• Data for review:
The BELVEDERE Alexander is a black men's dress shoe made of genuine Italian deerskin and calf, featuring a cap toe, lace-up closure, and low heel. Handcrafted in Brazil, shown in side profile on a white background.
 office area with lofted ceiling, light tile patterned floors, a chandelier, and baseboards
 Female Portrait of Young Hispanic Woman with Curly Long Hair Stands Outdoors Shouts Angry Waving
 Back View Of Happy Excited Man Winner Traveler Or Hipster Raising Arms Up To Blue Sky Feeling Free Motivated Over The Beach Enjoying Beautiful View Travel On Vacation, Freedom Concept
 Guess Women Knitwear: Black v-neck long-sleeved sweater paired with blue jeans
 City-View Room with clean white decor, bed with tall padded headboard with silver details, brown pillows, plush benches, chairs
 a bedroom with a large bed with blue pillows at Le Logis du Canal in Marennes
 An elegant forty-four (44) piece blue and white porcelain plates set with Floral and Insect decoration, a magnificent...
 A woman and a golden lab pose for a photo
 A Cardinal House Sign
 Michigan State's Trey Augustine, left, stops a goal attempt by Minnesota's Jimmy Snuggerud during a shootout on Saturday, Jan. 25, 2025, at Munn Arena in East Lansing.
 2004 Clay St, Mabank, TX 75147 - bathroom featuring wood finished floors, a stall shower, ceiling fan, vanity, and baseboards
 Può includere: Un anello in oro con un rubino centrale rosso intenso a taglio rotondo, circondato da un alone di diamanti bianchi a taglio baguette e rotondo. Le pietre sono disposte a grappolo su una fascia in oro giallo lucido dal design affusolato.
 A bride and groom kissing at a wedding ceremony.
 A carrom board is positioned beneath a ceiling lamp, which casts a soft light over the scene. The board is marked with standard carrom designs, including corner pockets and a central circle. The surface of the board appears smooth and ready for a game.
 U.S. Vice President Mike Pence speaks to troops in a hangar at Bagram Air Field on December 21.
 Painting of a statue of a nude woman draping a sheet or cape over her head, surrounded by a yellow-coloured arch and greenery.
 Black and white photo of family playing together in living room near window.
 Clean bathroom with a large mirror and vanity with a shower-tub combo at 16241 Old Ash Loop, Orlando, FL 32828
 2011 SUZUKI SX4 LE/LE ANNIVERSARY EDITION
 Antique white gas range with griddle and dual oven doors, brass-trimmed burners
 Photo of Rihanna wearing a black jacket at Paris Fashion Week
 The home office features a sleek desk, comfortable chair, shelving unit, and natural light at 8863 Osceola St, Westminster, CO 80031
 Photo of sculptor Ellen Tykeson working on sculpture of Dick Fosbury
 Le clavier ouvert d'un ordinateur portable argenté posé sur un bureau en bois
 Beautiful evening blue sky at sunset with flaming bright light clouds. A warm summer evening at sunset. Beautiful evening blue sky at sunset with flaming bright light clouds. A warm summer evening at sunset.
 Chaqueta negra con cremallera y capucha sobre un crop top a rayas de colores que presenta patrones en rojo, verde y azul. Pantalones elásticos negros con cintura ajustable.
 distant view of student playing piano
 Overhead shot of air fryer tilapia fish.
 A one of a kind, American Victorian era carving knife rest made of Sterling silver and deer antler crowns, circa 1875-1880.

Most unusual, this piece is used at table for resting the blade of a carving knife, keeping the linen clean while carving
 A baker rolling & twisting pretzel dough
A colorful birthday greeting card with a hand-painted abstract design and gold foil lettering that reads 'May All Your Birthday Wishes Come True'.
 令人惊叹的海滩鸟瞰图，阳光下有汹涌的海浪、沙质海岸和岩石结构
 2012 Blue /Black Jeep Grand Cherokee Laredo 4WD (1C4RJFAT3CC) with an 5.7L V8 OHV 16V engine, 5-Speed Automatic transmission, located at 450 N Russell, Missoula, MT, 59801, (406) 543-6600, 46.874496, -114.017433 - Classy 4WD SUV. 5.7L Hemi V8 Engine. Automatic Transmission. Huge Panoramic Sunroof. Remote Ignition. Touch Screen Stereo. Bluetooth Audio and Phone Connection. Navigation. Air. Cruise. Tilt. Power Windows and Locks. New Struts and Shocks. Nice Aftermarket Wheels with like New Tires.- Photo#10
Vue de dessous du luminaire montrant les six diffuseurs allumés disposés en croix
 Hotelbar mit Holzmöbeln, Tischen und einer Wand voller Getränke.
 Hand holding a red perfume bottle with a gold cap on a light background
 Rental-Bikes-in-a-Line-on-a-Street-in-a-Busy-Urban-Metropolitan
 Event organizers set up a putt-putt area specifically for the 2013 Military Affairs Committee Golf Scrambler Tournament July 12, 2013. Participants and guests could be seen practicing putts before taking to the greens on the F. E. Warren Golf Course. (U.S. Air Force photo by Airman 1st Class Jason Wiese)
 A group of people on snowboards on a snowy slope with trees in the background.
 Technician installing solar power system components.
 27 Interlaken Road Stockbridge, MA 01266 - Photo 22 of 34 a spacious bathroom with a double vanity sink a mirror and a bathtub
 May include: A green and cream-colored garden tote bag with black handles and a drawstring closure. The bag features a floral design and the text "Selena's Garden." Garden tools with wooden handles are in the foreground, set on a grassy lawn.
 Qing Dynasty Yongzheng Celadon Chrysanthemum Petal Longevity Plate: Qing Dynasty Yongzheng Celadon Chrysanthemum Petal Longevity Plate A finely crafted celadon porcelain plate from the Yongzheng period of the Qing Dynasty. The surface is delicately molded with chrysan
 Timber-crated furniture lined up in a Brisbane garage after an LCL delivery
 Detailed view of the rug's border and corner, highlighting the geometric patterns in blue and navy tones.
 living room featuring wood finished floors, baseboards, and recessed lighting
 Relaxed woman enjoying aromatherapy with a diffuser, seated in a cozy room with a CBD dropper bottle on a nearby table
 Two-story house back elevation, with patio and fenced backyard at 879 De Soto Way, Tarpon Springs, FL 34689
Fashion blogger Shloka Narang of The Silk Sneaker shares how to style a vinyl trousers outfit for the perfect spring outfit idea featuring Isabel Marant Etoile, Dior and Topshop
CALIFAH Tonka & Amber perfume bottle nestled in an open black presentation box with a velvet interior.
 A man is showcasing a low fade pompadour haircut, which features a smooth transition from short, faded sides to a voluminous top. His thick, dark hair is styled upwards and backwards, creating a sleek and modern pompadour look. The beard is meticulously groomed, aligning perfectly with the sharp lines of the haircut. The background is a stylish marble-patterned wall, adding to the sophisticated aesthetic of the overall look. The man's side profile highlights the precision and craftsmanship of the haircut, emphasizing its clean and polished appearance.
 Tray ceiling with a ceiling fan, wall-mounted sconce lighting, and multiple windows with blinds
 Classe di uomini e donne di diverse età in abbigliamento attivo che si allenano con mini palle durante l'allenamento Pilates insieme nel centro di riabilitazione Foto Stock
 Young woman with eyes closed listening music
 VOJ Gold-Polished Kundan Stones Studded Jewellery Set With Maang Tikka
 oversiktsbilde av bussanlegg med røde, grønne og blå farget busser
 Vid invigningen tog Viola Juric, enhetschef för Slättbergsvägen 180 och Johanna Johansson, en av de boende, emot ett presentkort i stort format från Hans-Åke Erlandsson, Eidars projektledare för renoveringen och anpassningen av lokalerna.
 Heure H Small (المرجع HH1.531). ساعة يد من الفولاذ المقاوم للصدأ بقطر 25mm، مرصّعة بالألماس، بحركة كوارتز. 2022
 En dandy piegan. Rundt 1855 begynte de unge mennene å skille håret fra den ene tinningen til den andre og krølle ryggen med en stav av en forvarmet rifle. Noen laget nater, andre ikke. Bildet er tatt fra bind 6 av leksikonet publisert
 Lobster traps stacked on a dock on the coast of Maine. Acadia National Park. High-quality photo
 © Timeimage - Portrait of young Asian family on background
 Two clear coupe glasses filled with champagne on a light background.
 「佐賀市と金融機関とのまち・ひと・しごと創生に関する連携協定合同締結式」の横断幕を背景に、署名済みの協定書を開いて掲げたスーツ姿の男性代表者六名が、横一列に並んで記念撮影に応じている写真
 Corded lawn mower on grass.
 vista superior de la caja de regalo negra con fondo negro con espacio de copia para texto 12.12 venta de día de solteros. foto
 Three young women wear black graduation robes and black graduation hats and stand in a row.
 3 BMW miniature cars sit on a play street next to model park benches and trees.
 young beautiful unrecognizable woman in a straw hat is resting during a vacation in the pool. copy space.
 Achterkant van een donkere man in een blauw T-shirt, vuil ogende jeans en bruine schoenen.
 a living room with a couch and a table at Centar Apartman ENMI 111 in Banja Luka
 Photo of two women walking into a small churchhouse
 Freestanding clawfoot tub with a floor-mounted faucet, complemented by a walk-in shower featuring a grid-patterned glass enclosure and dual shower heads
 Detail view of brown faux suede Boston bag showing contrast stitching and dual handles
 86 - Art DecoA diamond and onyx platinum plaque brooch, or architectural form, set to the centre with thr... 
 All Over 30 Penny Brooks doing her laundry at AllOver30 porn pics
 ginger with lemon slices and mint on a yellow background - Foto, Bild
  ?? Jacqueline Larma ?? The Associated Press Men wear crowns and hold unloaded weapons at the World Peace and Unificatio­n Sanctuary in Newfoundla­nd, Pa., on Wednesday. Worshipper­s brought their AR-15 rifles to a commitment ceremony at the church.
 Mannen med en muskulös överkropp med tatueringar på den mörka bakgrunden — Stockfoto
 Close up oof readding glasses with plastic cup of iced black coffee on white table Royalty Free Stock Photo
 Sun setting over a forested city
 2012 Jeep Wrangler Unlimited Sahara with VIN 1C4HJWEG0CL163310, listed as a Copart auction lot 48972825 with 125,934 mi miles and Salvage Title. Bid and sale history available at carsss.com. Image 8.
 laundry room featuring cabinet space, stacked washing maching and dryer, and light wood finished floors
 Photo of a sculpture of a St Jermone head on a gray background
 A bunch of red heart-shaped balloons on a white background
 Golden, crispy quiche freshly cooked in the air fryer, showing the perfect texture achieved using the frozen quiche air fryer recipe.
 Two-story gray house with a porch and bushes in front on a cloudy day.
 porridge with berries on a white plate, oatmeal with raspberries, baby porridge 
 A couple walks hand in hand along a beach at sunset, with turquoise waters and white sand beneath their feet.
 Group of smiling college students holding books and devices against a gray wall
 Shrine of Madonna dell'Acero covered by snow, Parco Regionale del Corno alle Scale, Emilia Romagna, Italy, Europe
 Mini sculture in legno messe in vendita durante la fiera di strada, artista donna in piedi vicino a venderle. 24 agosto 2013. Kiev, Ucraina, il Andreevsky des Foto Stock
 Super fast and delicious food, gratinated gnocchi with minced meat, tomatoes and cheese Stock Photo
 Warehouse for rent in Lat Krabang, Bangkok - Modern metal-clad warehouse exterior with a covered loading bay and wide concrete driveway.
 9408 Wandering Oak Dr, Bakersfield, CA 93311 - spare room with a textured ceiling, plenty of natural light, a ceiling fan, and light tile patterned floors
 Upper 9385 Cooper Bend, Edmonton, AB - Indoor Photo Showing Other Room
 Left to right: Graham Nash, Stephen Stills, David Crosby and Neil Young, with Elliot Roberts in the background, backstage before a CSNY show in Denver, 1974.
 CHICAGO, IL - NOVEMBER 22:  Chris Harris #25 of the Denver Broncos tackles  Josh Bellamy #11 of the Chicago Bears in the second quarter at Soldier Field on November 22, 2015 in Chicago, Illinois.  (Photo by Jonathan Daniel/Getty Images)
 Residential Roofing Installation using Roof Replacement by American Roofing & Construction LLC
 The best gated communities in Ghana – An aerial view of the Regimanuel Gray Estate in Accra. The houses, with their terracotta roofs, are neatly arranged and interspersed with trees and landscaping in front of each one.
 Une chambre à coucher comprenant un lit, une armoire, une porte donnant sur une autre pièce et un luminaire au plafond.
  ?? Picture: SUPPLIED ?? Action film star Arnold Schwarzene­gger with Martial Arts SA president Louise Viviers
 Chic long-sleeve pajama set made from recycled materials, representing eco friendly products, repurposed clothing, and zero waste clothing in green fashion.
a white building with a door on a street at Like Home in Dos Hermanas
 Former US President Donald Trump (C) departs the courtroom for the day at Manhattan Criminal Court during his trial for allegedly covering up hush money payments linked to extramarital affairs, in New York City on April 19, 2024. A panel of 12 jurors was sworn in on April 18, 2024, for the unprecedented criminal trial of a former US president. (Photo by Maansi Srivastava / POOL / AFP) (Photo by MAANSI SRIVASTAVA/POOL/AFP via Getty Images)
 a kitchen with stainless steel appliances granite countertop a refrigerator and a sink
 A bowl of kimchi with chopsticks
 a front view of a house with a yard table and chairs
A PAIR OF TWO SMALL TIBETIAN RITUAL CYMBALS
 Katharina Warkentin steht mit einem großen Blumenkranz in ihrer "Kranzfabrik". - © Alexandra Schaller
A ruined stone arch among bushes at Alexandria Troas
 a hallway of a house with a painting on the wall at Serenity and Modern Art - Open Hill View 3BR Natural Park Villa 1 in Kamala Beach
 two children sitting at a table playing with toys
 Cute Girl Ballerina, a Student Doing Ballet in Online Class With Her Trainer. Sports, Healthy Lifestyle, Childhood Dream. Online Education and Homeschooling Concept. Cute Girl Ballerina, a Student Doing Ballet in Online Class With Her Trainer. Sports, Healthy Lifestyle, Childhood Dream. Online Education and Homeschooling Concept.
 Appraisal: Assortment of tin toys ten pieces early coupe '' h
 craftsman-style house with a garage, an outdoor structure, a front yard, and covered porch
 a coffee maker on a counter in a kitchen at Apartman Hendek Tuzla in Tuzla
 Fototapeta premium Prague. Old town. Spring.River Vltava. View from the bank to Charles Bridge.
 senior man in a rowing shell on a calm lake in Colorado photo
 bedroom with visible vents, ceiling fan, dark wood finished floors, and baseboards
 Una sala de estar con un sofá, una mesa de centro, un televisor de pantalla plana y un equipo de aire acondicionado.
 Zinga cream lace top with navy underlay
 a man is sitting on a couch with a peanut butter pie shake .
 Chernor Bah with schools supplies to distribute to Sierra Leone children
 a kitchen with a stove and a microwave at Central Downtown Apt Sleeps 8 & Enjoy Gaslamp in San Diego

• Task to complete:
Restate word for word the lines of the data above, starting at the line containing "two children sitting" and ending at the line containing "bedroom with visible", both included, and nothing more.

• Finished exercise:
 two children sitting at a table playing with toys
 Cute Girl Ballerina, a Student Doing Ballet in Online Class With Her Trainer. Sports, Healthy Lifestyle, Childhood Dream. Online Education and Homeschooling Concept. Cute Girl Ballerina, a Student Doing Ballet in Online Class With Her Trainer. Sports, Healthy Lifestyle, Childhood Dream. Online Education and Homeschooling Concept.
 Appraisal: Assortment of tin toys ten pieces early coupe '' h
 craftsman-style house with a garage, an outdoor structure, a front yard, and covered porch
 a coffee maker on a counter in a kitchen at Apartman Hendek Tuzla in Tuzla
 Fototapeta premium Prague. Old town. Spring.River Vltava. View from the bank to Charles Bridge.
 senior man in a rowing shell on a calm lake in Colorado photo
 bedroom with visible vents, ceiling fan, dark wood finished floors, and baseboards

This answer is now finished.